H. Diallo : sans vous mentir, aucun membre d’aucune association de défense des droits de Birama Touré ne m’a rendu visite. Personne (elle sanglote à nouveau). Je n’ai vu personne. La seule personne qui a cherché mon numéro de téléphone pour s’enquérir de mes nouvelles et me consoler est son ancien directeur, Adama Dramé. A part lui, aucune autre personne d’une association ou d’un groupe de presse n’a cherché à me rencontrer. Vous êtes le premier journaliste qui est venu chez moi pour parler de Birama Touré.
Donc vous voulez dire que depuis cinq ans, personne n’est venu vous apporter un soutien, même moral ou psychologique ?
H. Diallo : en réalité, à part un cousin de mon mari, du nom de Lahaou Touré et mes deux beaux-frères, Moustaph Diakité et Soumaïla Coulibaly [ les deux époux de ses deux sœurs], personne d’autre ne m’a apporté un quelconque soutien.

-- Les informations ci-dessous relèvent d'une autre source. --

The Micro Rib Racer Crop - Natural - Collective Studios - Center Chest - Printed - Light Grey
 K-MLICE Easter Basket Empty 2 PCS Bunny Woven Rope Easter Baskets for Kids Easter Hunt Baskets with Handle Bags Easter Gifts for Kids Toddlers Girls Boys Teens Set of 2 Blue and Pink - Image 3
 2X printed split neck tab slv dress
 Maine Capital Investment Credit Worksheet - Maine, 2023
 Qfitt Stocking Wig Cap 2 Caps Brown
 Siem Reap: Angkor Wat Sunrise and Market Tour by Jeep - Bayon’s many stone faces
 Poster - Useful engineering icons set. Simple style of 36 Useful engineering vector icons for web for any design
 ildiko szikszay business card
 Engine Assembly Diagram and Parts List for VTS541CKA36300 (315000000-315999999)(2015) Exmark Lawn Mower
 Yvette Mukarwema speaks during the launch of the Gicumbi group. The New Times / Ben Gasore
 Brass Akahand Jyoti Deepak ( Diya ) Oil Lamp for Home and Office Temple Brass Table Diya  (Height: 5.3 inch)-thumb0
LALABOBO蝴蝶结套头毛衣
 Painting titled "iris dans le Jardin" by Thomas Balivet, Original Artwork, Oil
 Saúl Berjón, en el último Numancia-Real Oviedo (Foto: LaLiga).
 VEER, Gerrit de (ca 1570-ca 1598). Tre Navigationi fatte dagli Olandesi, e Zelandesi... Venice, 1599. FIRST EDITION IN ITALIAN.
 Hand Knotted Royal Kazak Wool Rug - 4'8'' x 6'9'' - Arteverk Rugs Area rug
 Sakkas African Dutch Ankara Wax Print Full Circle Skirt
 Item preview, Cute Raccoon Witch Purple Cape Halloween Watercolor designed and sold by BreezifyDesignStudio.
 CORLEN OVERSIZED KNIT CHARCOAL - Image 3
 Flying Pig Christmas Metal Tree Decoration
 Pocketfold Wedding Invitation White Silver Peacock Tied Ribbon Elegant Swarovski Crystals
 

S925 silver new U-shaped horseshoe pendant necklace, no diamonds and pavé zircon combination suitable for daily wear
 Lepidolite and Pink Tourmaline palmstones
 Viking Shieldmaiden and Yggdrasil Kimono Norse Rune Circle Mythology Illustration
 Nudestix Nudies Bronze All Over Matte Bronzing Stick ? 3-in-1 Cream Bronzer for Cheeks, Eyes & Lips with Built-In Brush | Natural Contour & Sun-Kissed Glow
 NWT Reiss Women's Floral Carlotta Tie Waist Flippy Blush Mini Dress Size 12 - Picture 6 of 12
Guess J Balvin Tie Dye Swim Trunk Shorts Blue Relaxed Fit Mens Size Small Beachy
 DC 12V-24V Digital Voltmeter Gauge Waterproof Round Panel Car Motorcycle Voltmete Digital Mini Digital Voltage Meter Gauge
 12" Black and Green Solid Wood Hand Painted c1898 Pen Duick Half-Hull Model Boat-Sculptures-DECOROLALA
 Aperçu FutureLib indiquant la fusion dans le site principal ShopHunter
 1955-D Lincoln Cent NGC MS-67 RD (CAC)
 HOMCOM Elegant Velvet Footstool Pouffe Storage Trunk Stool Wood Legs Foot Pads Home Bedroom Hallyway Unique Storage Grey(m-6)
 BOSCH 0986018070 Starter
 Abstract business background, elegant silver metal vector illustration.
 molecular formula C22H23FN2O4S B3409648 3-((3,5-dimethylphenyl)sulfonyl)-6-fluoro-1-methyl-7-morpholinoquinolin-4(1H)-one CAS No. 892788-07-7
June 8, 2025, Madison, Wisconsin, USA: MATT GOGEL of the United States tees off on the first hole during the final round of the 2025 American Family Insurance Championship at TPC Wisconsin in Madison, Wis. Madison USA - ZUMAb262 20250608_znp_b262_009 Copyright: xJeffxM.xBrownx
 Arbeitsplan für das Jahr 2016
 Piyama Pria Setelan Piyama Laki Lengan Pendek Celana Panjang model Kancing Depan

Si j’arrive aujourd’hui à vivre avec la conscience tranquille, malgré ce que j’ai sur le cœur, c’est grâce à ces trois personnes.
Aujourd’hui, si l’affaire de Birama Touré doit être tranchée devant les tribunaux, qu’est-ce que vous demanderez à nos autorités judicaires ?H. Diallo : tout ce que je demande est la justice pour mon mari. Mon souhait est que la justice soit rendue dans la vérité et la droiture pour aplanir le chagrin qui m’affecte aujourd’hui et donner satisfaction à tous les Maliens épris de justice dans cette affaire.
A l’issue du procès, lorsque la justice désignera un coupable, comme bourreau de votre mari, allez-vous pardonner à ce dernier ?
H. Diallo : je suis une croyante. Le bon Dieu a autant prôné le pardon que la réclamation des droits. De ce fait, je ne souhaite aucunement voir ou retrouver mort celui qui était destiné à être mon mari. Mais si cela est le cas, nous sommes dans un pays de droit, que la justice tranche comme cela se doit pour mettre tout le monde dans ses droits et sanctionner les présumés coupables. Je reste confiante, j’ai un avocat (Me Alassane Diallo du cabinet Penda) qui suit cette affaire de son début à maintenant. Je lui fais confiance.